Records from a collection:

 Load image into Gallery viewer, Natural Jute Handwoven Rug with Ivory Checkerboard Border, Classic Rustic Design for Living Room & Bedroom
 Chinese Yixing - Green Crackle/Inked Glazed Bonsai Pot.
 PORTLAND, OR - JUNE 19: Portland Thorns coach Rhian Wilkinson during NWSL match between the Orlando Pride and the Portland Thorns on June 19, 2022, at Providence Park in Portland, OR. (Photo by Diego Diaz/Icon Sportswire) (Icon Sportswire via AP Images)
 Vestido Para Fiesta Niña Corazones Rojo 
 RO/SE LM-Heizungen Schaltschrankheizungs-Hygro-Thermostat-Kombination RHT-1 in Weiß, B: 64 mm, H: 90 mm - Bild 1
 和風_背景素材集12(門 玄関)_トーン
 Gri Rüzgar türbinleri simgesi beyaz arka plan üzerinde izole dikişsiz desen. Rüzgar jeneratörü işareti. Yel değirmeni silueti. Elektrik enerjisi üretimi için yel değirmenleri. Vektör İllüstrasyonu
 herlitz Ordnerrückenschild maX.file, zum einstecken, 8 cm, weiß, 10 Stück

Exercise prompt: Although the records may continue, retype only the lines from the first one through the one containing "Gri Rüzgar türbinleri", exactly as they appear.

Written response:
 Load image into Gallery viewer, Natural Jute Handwoven Rug with Ivory Checkerboard Border, Classic Rustic Design for Living Room & Bedroom
 Chinese Yixing - Green Crackle/Inked Glazed Bonsai Pot.
 PORTLAND, OR - JUNE 19: Portland Thorns coach Rhian Wilkinson during NWSL match between the Orlando Pride and the Portland Thorns on June 19, 2022, at Providence Park in Portland, OR. (Photo by Diego Diaz/Icon Sportswire) (Icon Sportswire via AP Images)
 Vestido Para Fiesta Niña Corazones Rojo 
 RO/SE LM-Heizungen Schaltschrankheizungs-Hygro-Thermostat-Kombination RHT-1 in Weiß, B: 64 mm, H: 90 mm - Bild 1
 和風_背景素材集12(門 玄関)_トーン
 Gri Rüzgar türbinleri simgesi beyaz arka plan üzerinde izole dikişsiz desen. Rüzgar jeneratörü işareti. Yel değirmeni silueti. Elektrik enerjisi üretimi için yel değirmenleri. Vektör İllüstrasyonu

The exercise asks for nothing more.